■ Information given:
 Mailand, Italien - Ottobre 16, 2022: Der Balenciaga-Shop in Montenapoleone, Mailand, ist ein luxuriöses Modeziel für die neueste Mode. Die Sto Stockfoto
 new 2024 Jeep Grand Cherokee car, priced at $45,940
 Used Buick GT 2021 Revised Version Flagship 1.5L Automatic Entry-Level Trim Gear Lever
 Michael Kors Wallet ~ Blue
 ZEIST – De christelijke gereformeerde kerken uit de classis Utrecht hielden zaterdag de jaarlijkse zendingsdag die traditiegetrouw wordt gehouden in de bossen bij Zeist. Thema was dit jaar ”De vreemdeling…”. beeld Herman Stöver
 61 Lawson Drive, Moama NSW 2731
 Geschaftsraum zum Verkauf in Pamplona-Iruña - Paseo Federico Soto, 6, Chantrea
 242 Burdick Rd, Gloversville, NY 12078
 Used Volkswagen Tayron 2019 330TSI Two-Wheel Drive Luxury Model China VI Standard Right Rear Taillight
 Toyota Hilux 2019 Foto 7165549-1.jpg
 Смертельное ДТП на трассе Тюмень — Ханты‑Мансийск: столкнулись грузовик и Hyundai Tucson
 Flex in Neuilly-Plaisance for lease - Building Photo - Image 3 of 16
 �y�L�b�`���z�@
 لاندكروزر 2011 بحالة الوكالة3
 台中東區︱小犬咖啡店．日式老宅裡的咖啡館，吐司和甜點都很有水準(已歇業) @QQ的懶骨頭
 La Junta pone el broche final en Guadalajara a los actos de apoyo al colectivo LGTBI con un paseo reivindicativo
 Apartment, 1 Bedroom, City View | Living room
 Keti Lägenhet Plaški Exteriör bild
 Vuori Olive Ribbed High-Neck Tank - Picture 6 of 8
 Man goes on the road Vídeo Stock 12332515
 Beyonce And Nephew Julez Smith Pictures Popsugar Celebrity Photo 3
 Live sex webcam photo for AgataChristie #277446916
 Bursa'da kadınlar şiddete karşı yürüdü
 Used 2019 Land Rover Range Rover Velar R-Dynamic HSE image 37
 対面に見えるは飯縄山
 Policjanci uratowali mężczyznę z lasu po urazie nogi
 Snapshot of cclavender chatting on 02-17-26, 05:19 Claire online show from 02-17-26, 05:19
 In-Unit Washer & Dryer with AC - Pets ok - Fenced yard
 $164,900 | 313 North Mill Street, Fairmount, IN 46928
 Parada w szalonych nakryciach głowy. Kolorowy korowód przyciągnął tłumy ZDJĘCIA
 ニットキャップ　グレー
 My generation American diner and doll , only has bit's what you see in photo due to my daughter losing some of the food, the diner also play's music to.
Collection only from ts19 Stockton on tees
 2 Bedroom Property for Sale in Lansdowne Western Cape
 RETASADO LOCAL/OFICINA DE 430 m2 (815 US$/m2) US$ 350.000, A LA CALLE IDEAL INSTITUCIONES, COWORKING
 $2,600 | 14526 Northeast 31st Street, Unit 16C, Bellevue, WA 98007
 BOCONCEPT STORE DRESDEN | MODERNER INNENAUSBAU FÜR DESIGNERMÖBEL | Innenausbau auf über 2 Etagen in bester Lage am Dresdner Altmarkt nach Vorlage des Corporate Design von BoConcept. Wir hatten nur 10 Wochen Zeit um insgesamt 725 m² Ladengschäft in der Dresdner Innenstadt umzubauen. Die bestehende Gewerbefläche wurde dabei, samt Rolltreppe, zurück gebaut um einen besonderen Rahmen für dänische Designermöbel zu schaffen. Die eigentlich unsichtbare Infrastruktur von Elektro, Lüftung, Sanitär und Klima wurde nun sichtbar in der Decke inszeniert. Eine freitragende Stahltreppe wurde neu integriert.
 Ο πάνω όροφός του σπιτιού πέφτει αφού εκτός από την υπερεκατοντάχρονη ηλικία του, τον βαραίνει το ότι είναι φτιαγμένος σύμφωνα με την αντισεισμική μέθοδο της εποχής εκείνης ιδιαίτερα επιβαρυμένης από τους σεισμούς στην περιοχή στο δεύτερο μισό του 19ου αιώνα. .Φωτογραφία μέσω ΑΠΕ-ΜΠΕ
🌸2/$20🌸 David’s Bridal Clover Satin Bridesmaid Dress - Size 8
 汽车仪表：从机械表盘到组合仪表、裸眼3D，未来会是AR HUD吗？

■ Problem details: Look through the data above and return exactly the lines from the one that contains "Man goes on the road Vídeo Stock 12332515" to the one that contains "Bellevue, WA 98007", inclusive, with nothing else.

■ Answer box:
 Man goes on the road Vídeo Stock 12332515
 Beyonce And Nephew Julez Smith Pictures Popsugar Celebrity Photo 3
 Live sex webcam photo for AgataChristie #277446916
 Bursa'da kadınlar şiddete karşı yürüdü
 Used 2019 Land Rover Range Rover Velar R-Dynamic HSE image 37
 対面に見えるは飯縄山
 Policjanci uratowali mężczyznę z lasu po urazie nogi
 Snapshot of cclavender chatting on 02-17-26, 05:19 Claire online show from 02-17-26, 05:19
 In-Unit Washer & Dryer with AC - Pets ok - Fenced yard
 $164,900 | 313 North Mill Street, Fairmount, IN 46928
 Parada w szalonych nakryciach głowy. Kolorowy korowód przyciągnął tłumy ZDJĘCIA
 ニットキャップ　グレー
 My generation American diner and doll , only has bit's what you see in photo due to my daughter losing some of the food, the diner also play's music to.
Collection only from ts19 Stockton on tees
 2 Bedroom Property for Sale in Lansdowne Western Cape
 RETASADO LOCAL/OFICINA DE 430 m2 (815 US$/m2) US$ 350.000, A LA CALLE IDEAL INSTITUCIONES, COWORKING
 $2,600 | 14526 Northeast 31st Street, Unit 16C, Bellevue, WA 98007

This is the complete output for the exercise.